May 10th 2019

Faces of eviCore: Eddra Marchand

In a recent edition of the Physician's Roundtable series, Dr. Eddra Marchand described a situation where a patient was admitted for subacute care after acute treatment. Upon her review, she noticed that the patient was both hypotensive and had elevated sodium levels, and she suggested they stay in acute care until those issues were resolved. In so doing, the patient was able to move home care shortly after rather than possibly face a longer stay in the hospital setting. "Sometimes another set of eyes on a case will help build the rapport with other physicians and help to make the right decisions for the health of the patient," says Dr. Marchand. She comments that "we are still an advocate for the patient no matter what level of care they are currently at, and because of that this patient got the best care for the best outcome.”

NOLA Roots

Dr. Marchand grew up in New Orleans, where she graduated valedictorian from Xavier University of Louisiana. Not long after, she moved to Atlanta, where she attended medical school at Emory University and did her residency. Dr. Marchand still lives in the area with her daughter Mallory, son Zachary and her dogs. She received her training in internal medicine, and has spent 25 years in the field, including 12 years as an internist with Kaiser Permanente.

Making a Move

Around the time Dr. Marchand’s children started high school, a colleague introduced her to the idea of transitioning to case reviews at MedSolutions (now eviCore) because of her background in quality management. Thinking it might be a good fit for her, she interviewed with Dr. Steven Israel, and a new chapter of her life was ready to begin. Dr. Marchand had reviewed cases at Kaiser with sometimes negative outcomes, and she realized that her position at eviCore would enable her to help avoid those kinds of negative outcomes for the patients she cared for. In addition to the appeal of this kind of attentive patient care, she notes, "To continue seeing the volume of patients daily and managing all of the behind the scenes work made it very challenging to have a work/life balance, despite loving the doctor/ patient relationship."

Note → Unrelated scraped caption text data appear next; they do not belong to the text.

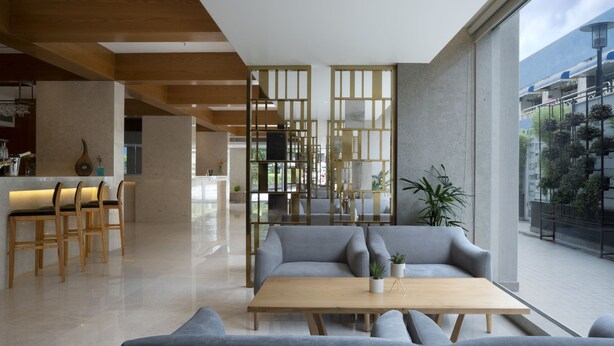 A modern interior with a sofa set, wooden tables, and a view of the city through large windows. - Cocoon Hotel (Pune)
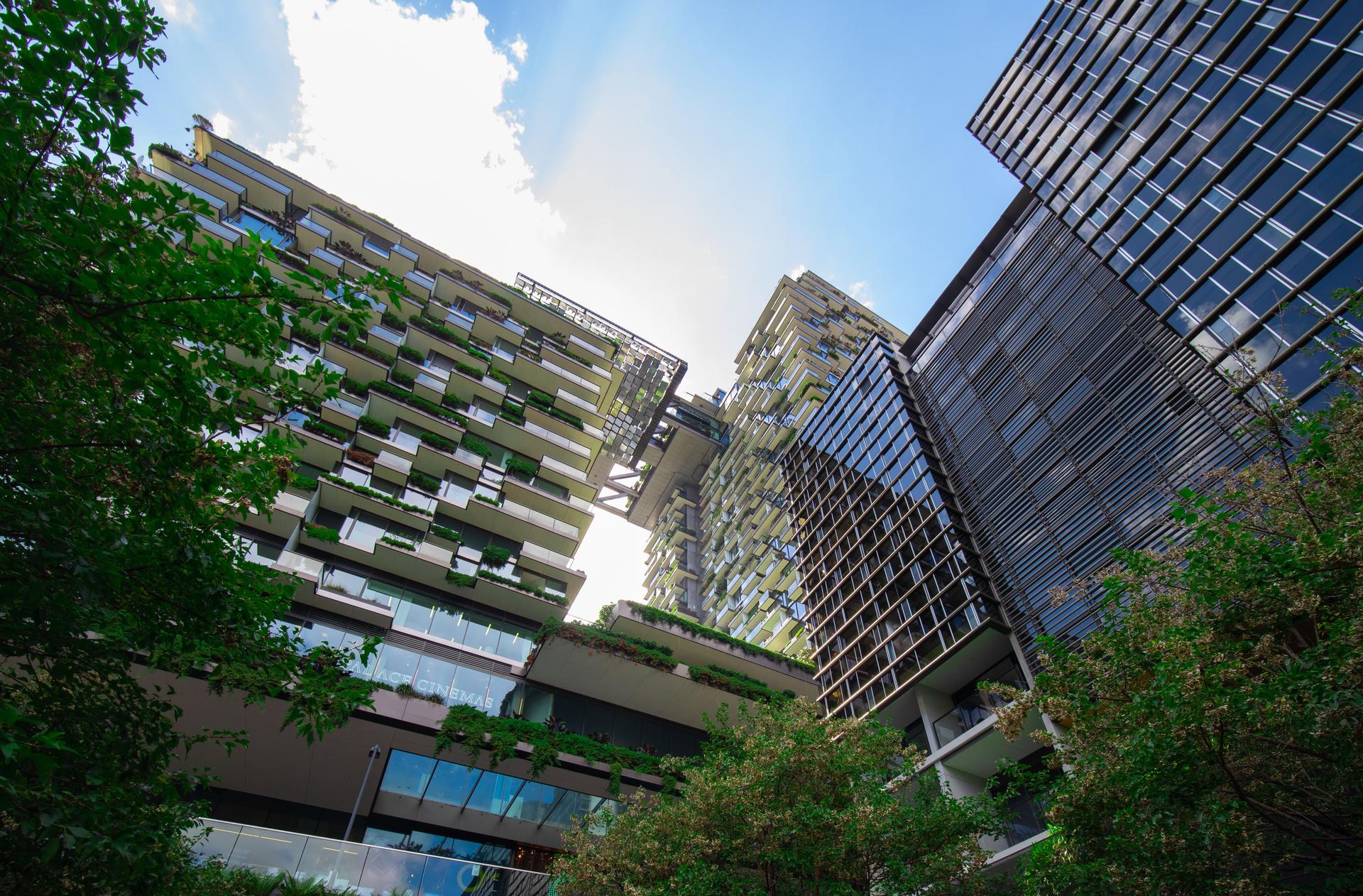 Apartment block in Sydney NSW Australia with hanging gardens and plants on exterior of the building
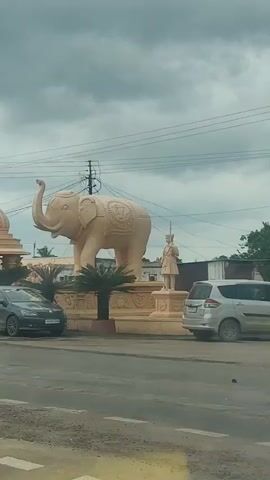 The video begins showing a large, light-colored elephant statue with intricate carvings on its side. To the left of the elephant is a building with a dome and ornate pillars. To the right of the elephant is a statue of a man in traditional attire holding a spear. In the foreground, a dark gray car is driving past the elephant statue. The video then shifts to show a white car driving past the same elephant statue. The background consists of a cloudy sky and power lines. The environment appears to be a roadside with a paved surface and some vegetation. The word "DEVAGANDHA" appears briefly on screen during the video.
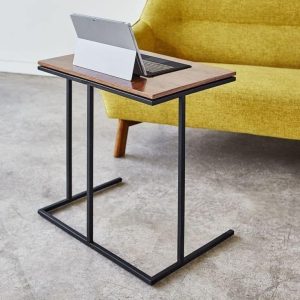 Mesa auxiliar moderna con estructura metálica negra y superficie de madera. Ideal para espacios pequeños o para usar junto a un sofá. Diseño funcional y elegante.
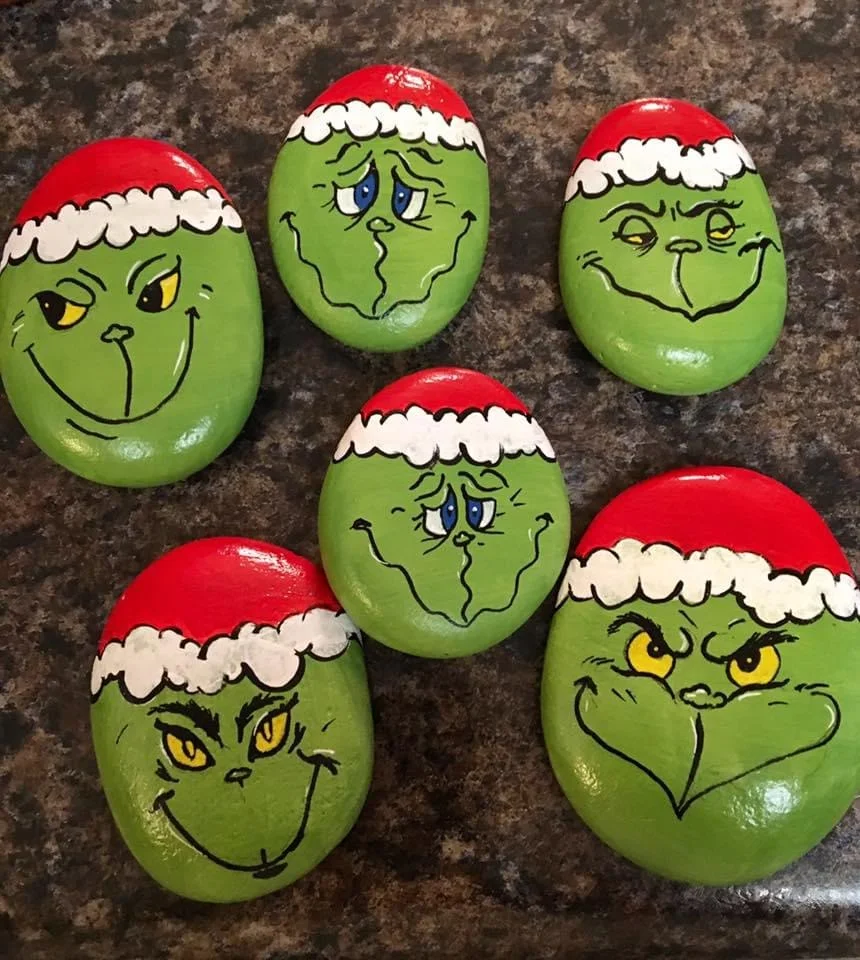 Assorted Rock Painting Ideas to make Christmas hat Grinch Faces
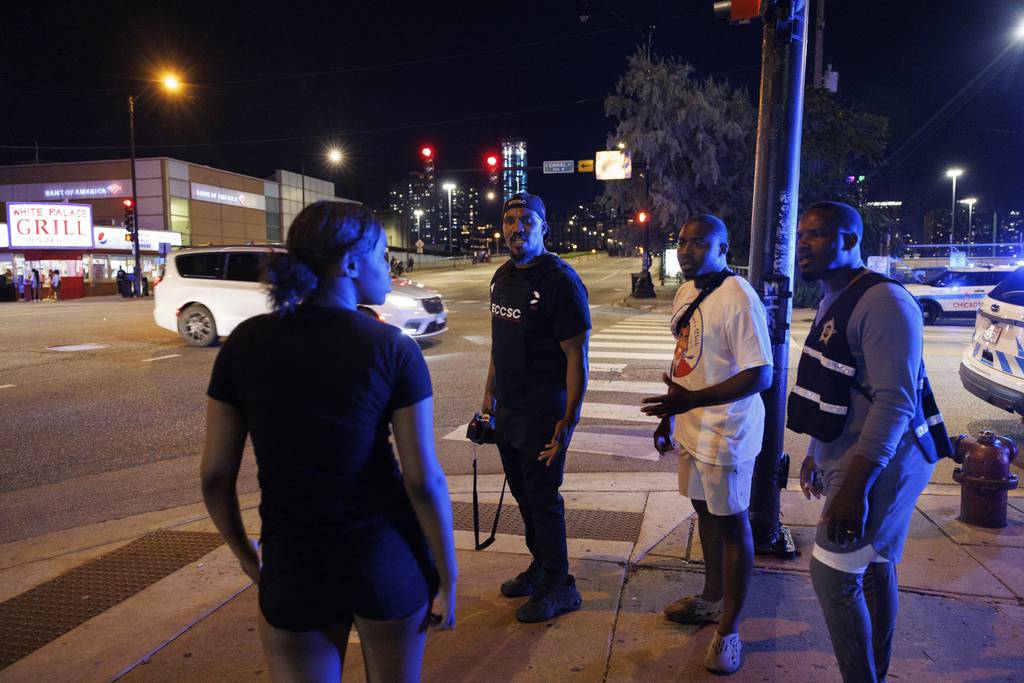From right, Charles McKenzie, of Englewood First Responders, Joseph Williams, of Mr. Dad’s Father’s Club, and Tyrone Muhammad of Ex-Cons for Community and Social Change, talk with a young person while trying to help officers disperse a large group of young people gathered near the intersection of South Canal Street and West Roosevelt Road.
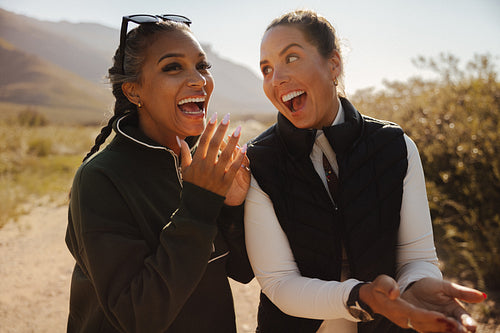 Two women laughing outdoors together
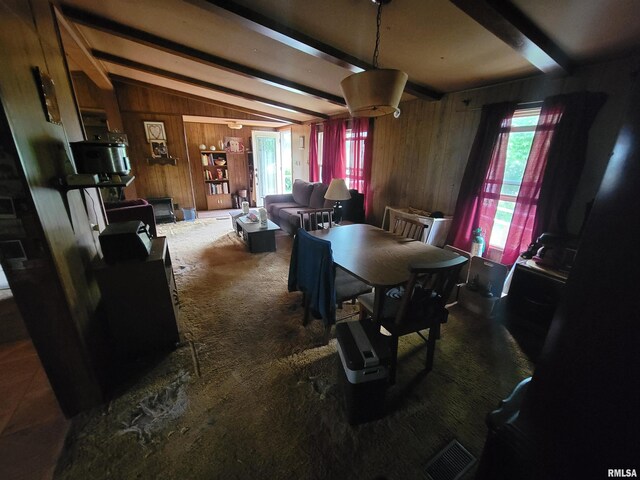 1060 W 5th St, Flora, IL 62839 - dining area featuring wood walls and carpet floors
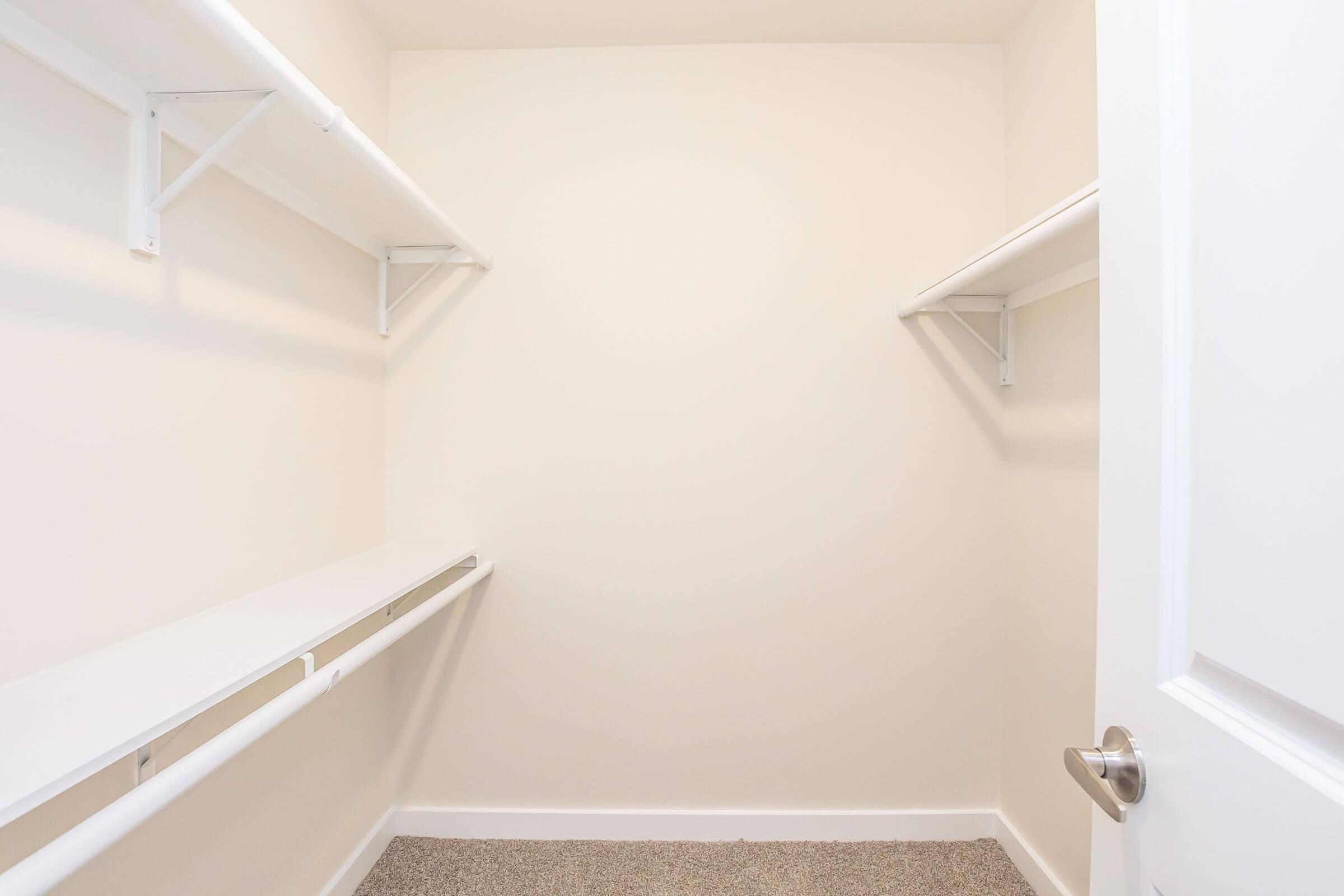 An empty walk-in closet featuring beige walls and light gray carpeting. Two white shelves run along three walls, with a door to the right. The space is well-lit and clean, offering a minimalist look with no items or furnishings inside.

The best benefit of moving to eviCore, she says, is how much she has learned from her peers since making the change. She has become “much more knowledgeable about various other disciplines in the medical field, in addition to the foundation I already had developed when working in internal medicine.”

She has also touched on multiple areas of patient care, bringing her expertise to our radiology and post-acute care (PAC) specialties. Dr. Marchand is enjoying her clinical and patient-focused experiences working with the PAC team and believes she is still able to help patients secure the safest and most successful care after acute treatment. "I feel like I still have some direct impact on patient care; I still feel relevant in caring for patients."

The Ideal Peer-to-Peer Conversation

The best situation for a peer-to-peer, remarks Dr. Marchand, is when "we both can recognize that we are colleagues with a mutual patient—our goals are the same." In order to show respect for the ordering physician's knowledge, Dr. Marchand explains that you cannot "go in as if your decision is final and [the] only [option], but rather as introducing a discussion." There are a few ways to accomplish this:

  1. 1. Re-introduce the case

    Ask for the ordering physician's reason for diagnosis/treatment and listen without interrupting

     

  2. 2. Seek consensus

To build a "team-like" rapport, try to reach a mutual agreement.

Calls don't always work out that way, but she emphasizes that either way, it is important to get off the phone amicably. Her final tip is to always provide options even if she and the ordering physician do not agree in the end. That way, she says, "they have another step they can take to get to their end result, and don't feel like I've left them stuck."

Fulfilling Outcomes

Seeing an improvement in a patient's quality of life is the best experience that Dr. Marchand has faced working with the PAC program.

Many patients are older, live alone in large cities, and often live in walk-ups with several floors.

Seeing situations where a patient has had an accident and is no longer able to safely ambulate, can illuminate the new normal for members and the need for additional equipment and access to various home health needs upon their return. Recognizing that these patients are human beings is very important in our business,  because it allows us to make their transition to home safe while recognizing and combating the challenges proactively.

When she sees these cases, she explains, a PT or OT may not be focusing on stair training in rehabilitation, but she often works with nurses to help suggest that, so the patients may achieve an even better quality of life once they return home.

We must carefully weigh the risks and benefits of keeping the elderly patients in the subacute setting longer than necessary, she says.  Extended stays can increase the risk for nosocomial disease such as pneumonia and often in the elderly, the longer they are outside of their “normal” environment, there is increased likelihood of cognitive dysfunction.

"A familiar space is better for them on the whole," says Dr. Marchand, "Seeing a patient who's alert and oriented be able to get home and live a good quality of life is the most fulfilling part of my job."